Upon moving into Uptown Tower in 2014, Plaintiff asked if the building's residential garage had any available parking spaces. ECF 39-1, ¶ 4. Defendants informed Plaintiff that none were available and put Plaintiff on a waiting list. Id. The following year, Plaintiff submitted an informal written request for a parking space. Id. Plaintiff remained on the waiting list until February 2021, when Plaintiff submitted a formal request for an accommodation. See ECF 39-1 at 7. Plaintiff's request asked for “[i]mmediate assignment of a permanent parking space in the lobby garage of [U]ptown [T]owers or the basement garage on West Burnside.” Id.
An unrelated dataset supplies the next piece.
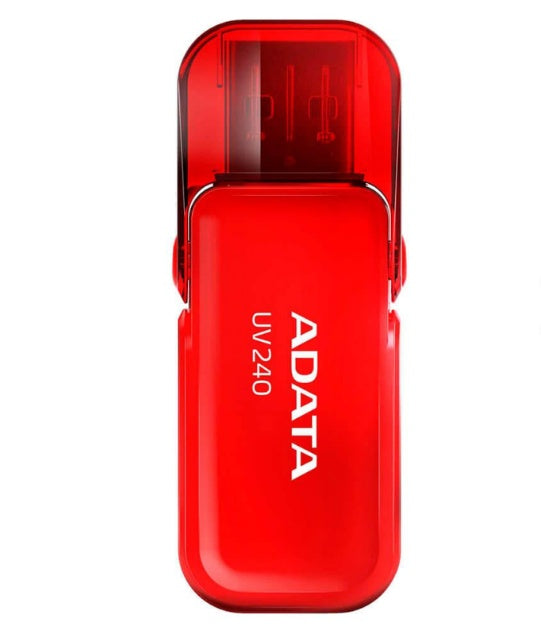 Stick USB-A ADATA UV240 32GB, USB 2.0, Capac Flip, Inel Breloc, Roșu - imagine 2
The “basement garage on West Burnside” (Burnside Garage) is a parking garage that Uptown Tower owns and operates as a commercial enterprise separate from its operation of the apartment complex in which Plaintiff resides. ECF 44, ¶ 4. The entrance to the Burnside garage is located on West Burnside Street and contains parking spaces for cars. Id. ¶¶ 5-6. Uptown Tower offers those car parking spaces to the public at a rate of $175 per month. Id. ¶ 4. To access Uptown Tower from the Burnside garage, an individual would have to leave the Burnside garage entrance on West Burnside Street and enter the building from the street. Id. ¶ 5. Plaintiff has observed empty spaces in the Burnside garage throughout Plaintiff's tenancy, it has advertised available parking throughout her tenancy, other Uptown Tower tenants park in the Burnside garage, and Plaintiff has observed Uptown Tower employees using the Burnside garage. ECF 39-1, ¶¶ 3, 5, 6, 11.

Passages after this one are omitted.